- Church: Church of England
- Diocese: Diocese of Guildford
- In office: 1986–1995
- Predecessor: Kenneth Evans
- Successor: Ian Brackley
- Other post: Honorary assistant bishop in Diocese of Chichester (1995–2025)

Orders
- Ordination: 1954 (deacon); 1955 (priest) by Bertram Simpson
- Consecration: c. 1986 by Robert Runcie

Personal details
- Born: 29 June 1930 (age 95)
- Denomination: Anglican
- Spouse: Pamela Hedges
- Children: 2 sons, 2 daughters
- Alma mater: St John's College, Oxford

= David Wilcox (bishop) =

British Anglican bishop

David Peter Wilcox (29 June 1930 - 8 December 2025) was a retired British Anglican bishop. He was the Bishop of Dorking, a suffragan bishop in the Diocese of Guildford.

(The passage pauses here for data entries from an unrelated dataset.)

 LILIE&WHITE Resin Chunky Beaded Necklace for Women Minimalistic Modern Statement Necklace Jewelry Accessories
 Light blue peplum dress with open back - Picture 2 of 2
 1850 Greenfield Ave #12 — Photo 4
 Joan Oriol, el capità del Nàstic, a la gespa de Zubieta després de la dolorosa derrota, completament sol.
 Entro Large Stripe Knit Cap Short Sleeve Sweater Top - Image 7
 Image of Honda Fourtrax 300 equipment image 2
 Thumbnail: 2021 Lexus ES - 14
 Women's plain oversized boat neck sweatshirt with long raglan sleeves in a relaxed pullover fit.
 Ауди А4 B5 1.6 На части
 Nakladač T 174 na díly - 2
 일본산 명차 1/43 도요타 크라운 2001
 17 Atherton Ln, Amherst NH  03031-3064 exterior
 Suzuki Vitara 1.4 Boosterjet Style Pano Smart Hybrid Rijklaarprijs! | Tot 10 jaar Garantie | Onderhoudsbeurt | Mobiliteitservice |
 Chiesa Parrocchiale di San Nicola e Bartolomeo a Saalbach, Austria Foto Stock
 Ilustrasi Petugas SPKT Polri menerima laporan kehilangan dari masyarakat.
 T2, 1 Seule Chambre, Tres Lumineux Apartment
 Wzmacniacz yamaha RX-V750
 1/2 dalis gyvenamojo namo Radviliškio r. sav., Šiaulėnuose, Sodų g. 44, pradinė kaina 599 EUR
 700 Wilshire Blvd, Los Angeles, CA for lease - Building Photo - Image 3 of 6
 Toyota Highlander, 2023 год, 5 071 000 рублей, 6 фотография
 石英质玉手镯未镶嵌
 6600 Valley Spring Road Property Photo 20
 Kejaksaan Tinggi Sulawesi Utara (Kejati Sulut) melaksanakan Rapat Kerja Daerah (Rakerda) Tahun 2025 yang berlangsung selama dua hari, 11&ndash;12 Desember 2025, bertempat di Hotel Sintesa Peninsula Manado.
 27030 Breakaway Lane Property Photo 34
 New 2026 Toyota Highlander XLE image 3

==Early life and education==
Wilcox was educated at Northampton Grammar School and St John's College, Oxford. He married Pamela Hedges in 1956 and they had two sons and two daughters.

==Ordained ministry==
Ordained a deacon on Trinity Sunday (13 June) 1954 by Bertram Simpson, Bishop of Southwark, in Southwark Cathedral and a priest the following year, he began his career with a curacy at St Helier, St Peter (Bishop Andrewes Church) Hammersmith in the Southwark Diocese and was then successively: a lecturer at Lincoln Theological College; a USPG missionary in Bangalore; vicar of Great Gransden; and canon residentiary of Derby Cathedral. From 1977 to 1985, he was concurrently principal of Ripon College Cuddesdon and vicar of the Church of All Saints, Cuddesdon.

He was then appointed to the episcopate as Bishop suffragan of Dorking — a post he held from 1986 until 1995. He was ordained and consecrated a bishop (thereby taking up his suffragan See) on 30 January 1986, by Robert Runcie, Archbishop of Canterbury, at Southwark Cathedral. In retirement he continued to minister, as an honorary assistant bishop within the Diocese of Chichester.

Wilcox was criticised in 2007 for having failed to inform police of a case of child abuse involving a church choirmaster in 1990. This was one of several cases across the Church of England which led to Archbishop Rowan Williams announcing the Past Case Review, an exercise in which independent reviewers were appointed by each diocese to review files on clergy and other employees.

His son Pete Wilcox is Bishop of Sheffield.